Map Arlington 2: Importing Shapefile Data into PostGIS¶
The Problem¶
Arlington County, Virginia makes GIS data about the county available through its Arlington County, Va. GIS Data website.
I want to import this data into my map_arlington
database. Specifically,
I would like to add tables for
voter precincts,
civic associations,
county parks,
and zip codes.
Moving the Database¶
Before attempting to add the new tables, I wanted to make a copy of the database and move it to a development machine, so on the host machine I ran:
$ pg_dump -U [user] map_arlington > map_arlington_export.sql
I then copied map_arlington_export.sql
to the new server and ran:
$ psql map_arlington < map_arlington_export.sql
With the database copied, it was time to figure out how to add the new data.
Identifying the Spatial Reference System¶
One of the essential problems with using geospatial data from different sources it getting the data into a common spatial reference system. PostGIS stores spatial reference system information using a Spatial Reference System Identifier (SRID). For my task of adding the Arlington GIS data to my database derived from OSM data, I need to do the following:
Find the SRID of the OSM data in my database.
Find the SRID of the Arlington County data.
Convert the Arlington County data into the spatial reference system of the OSM data and load it into the database.
Tools¶
To accomplish these three tasks, I will use shp2pgsql, ogrinfo, and the web application Prj2EPSG.
shp2pgsql
comes with the postgis
package and ogrinfo
with the
gdal-bin
package. I installed both of these with:
$ sudo aptitude install postgis gdal-bin
Process¶
Before proceeding to add new tables to my database from the Arlington County
data, I decided to remove the gen0
and gen1
tables and rename each
table to remove the osm_new_
that started each table name.
Here is a sample part of my psql session to illustrate this:
map_arlington=# \dt *landusages*
List of relations
Schema | Name | Type | Owner
--------+-------------------------+-------+---------
public | osm_new_landusages | table | [username]
public | osm_new_landusages_gen0 | table | [username]

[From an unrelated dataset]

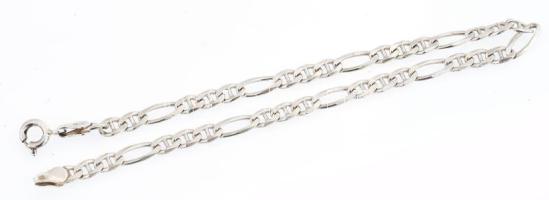 Ezüst(Ag) figaro karkötő, jelzett, h: 20,5 cm, nettó: 4,2 g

public | osm_new_landusages_gen1 | table | [username]
(3 rows)
map_arlington=# DROP TABLE osm_new_landusages_gen0;
DROP TABLE
map_arlington=# DROP TABLE osm_new_landusages_gen1;
DROP TABLE
map_arlington=# ALTER TABLE osm_new_landusages RENAME TO landusages;
ALTER TABLE
map_arlington=# \dt *landusages*
List of relations
Schema | Name | Type | Owner
--------+------------+-------+---------
public | landusages | table | [username]
(1 row)
When I finished, the complete list of tables looked like this:
map_arlington=# \dt
List of relations
Schema | Name | Type | Owner
--------+------------------+-------+---------
public | aeroways | table | [username]
public | amenities | table | [username]
public | boundary | table | [username]
public | buildings | table | [username]
public | landusages | table | [username]
public | mainroads | table | [username]
public | minorroads | table | [username]
public | motorways | table | [username]
public | places | table | [username]
public | railways | table | [username]
public | spatial_ref_sys | table | [username]

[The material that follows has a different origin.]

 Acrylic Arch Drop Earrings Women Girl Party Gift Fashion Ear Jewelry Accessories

public | transport_areas | table | [username]
public | transport_points | table | [username]
public | waterareas | table | [username]
public | waterways | table | [username]
(15 rows)
To find the spatial referencing system in use by OSM, I just listed the boundary table with:
map_arlington=# \d boundary
id | integer | not null default ...
osm_id | bigint |
name | character varying(255) |
type | character varying(255) |
admin_level | smallint |
geometry | geometry(Geometry,900913) |
Geometry types in PostGIS are listed with geometry
followed by parentheses
enclosing a pair of values: the geometry (possible values include Point
,
Polyline
, Polygon
, MultiPoint
, MultiPolyline
, MultiPolygon
,
and Geometry
), and the SRID.
In this case the SRID is 900913, the Google Projection.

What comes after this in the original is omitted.